**Supplied records:**
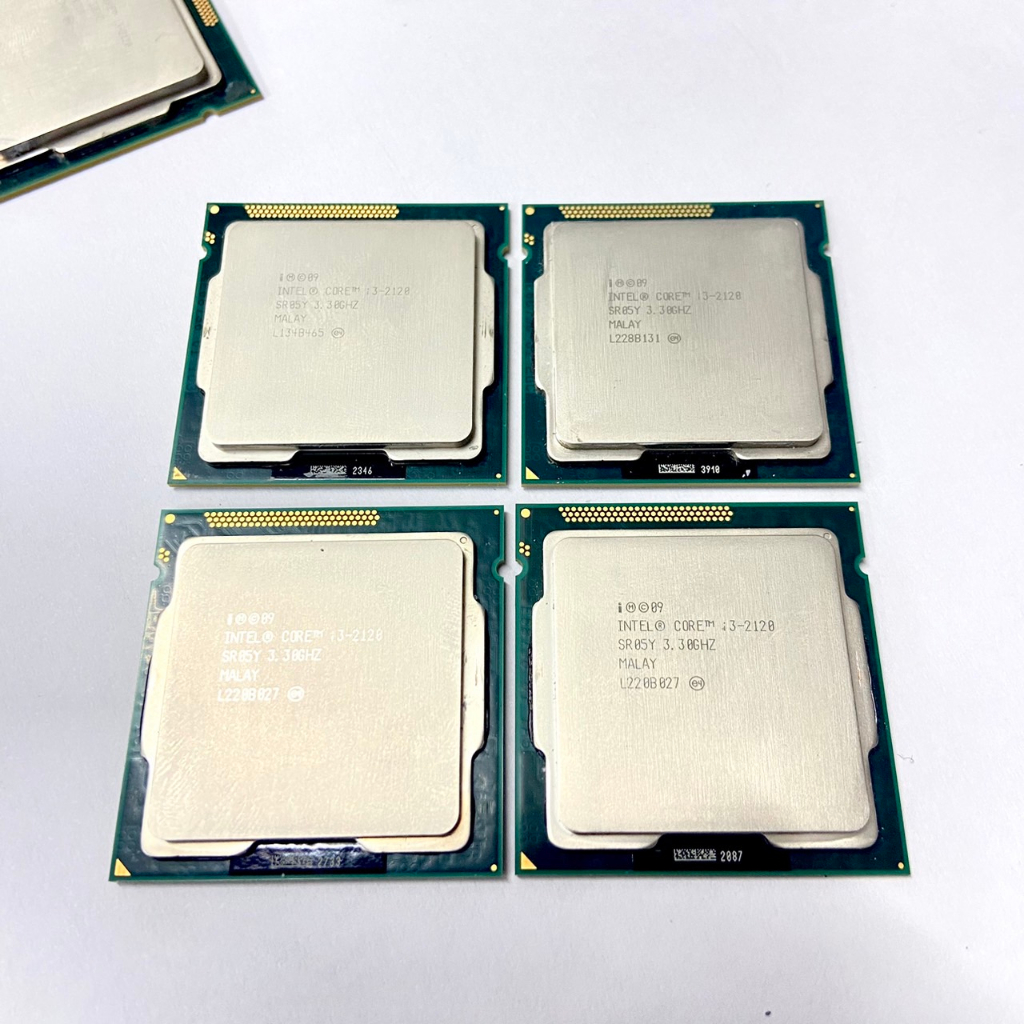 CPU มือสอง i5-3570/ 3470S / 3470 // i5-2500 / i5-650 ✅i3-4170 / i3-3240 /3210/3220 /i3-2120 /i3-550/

--

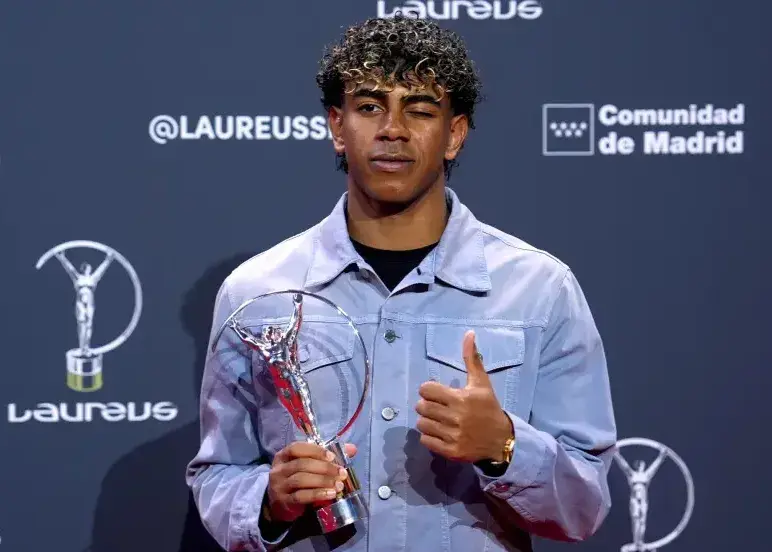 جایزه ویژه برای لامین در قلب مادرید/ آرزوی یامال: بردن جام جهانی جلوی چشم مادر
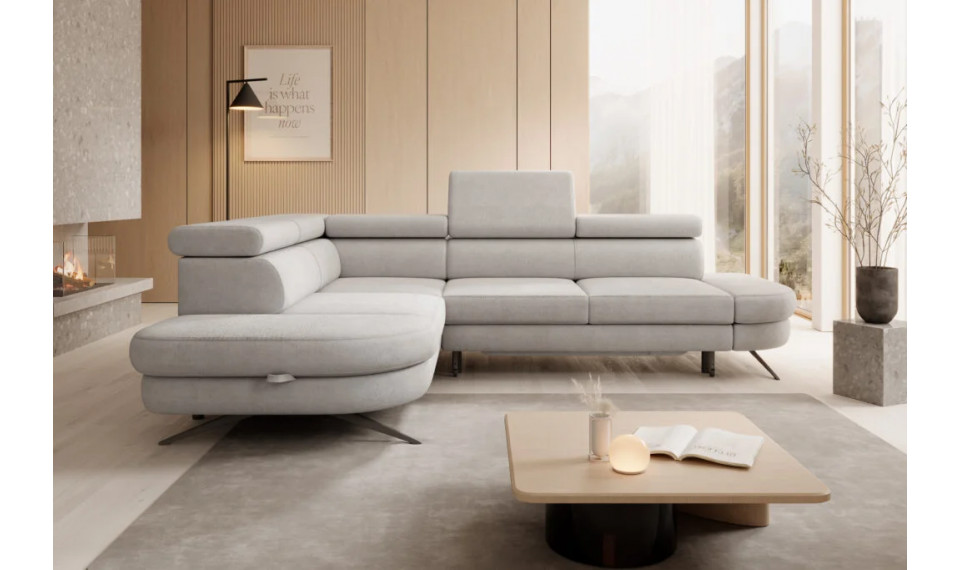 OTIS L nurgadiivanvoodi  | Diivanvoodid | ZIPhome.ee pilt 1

**Prompt:**
Only one stretch of the entries above is needed: the lines from the one containing "جایزه ویژه برای" through the one containing "OTIS L nurgadiivanvoodi". Copy it exactly, without the pictures.

**Answer to this exercise:**
 جایزه ویژه برای لامین در قلب مادرید/ آرزوی یامال: بردن جام جهانی جلوی چشم مادر
 OTIS L nurgadiivanvoodi  | Diivanvoodid | ZIPhome.ee pilt 1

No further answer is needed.